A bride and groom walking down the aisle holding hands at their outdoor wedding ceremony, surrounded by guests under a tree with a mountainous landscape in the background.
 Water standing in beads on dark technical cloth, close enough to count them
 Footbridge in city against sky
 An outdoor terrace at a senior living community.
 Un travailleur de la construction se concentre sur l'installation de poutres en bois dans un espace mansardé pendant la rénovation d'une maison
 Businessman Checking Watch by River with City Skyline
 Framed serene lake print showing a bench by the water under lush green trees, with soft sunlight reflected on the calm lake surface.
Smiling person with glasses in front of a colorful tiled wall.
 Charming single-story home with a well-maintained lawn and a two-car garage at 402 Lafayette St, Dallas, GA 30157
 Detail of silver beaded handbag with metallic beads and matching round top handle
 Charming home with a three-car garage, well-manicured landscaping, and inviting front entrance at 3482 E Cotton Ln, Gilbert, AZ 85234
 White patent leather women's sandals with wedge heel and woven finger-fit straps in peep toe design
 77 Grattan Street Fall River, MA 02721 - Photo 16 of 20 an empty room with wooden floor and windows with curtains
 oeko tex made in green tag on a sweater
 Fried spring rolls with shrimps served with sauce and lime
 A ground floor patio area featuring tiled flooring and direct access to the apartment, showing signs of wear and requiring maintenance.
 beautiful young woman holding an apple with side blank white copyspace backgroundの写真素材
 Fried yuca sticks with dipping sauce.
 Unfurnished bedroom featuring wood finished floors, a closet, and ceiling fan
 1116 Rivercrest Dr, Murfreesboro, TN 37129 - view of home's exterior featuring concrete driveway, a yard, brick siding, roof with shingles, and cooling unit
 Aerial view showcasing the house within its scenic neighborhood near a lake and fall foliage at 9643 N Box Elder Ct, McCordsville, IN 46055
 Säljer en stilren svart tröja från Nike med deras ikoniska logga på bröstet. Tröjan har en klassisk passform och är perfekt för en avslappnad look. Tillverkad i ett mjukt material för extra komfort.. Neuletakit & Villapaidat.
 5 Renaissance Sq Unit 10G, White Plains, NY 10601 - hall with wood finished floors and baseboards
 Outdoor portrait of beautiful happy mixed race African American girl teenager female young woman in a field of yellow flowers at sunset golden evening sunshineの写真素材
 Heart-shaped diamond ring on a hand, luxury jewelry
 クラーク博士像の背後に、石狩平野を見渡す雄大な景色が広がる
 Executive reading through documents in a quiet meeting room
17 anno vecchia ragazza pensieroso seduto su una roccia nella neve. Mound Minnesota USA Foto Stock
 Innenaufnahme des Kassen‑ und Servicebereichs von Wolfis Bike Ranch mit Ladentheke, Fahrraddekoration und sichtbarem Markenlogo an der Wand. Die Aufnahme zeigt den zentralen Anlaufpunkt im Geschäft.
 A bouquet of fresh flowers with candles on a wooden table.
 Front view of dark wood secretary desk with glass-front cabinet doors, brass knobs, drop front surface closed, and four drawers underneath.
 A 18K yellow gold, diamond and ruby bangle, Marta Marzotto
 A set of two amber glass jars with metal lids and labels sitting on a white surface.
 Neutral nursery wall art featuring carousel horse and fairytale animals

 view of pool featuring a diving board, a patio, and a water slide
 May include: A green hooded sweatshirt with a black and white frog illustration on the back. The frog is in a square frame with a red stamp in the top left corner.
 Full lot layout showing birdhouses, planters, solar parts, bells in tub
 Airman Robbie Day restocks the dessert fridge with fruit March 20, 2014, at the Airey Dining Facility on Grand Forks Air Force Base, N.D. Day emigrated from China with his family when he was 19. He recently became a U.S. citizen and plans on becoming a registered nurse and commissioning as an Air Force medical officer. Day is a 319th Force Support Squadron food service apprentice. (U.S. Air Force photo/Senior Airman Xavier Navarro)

★ ★ ★ ★ ★ ★ ★

> Exercise objective:
When a line among the entries above contains "Charming", copy it.

> Problem solution:
 Charming single-story home with a well-maintained lawn and a two-car garage at 402 Lafayette St, Dallas, GA 30157
 Charming home with a three-car garage, well-manicured landscaping, and inviting front entrance at 3482 E Cotton Ln, Gilbert, AZ 85234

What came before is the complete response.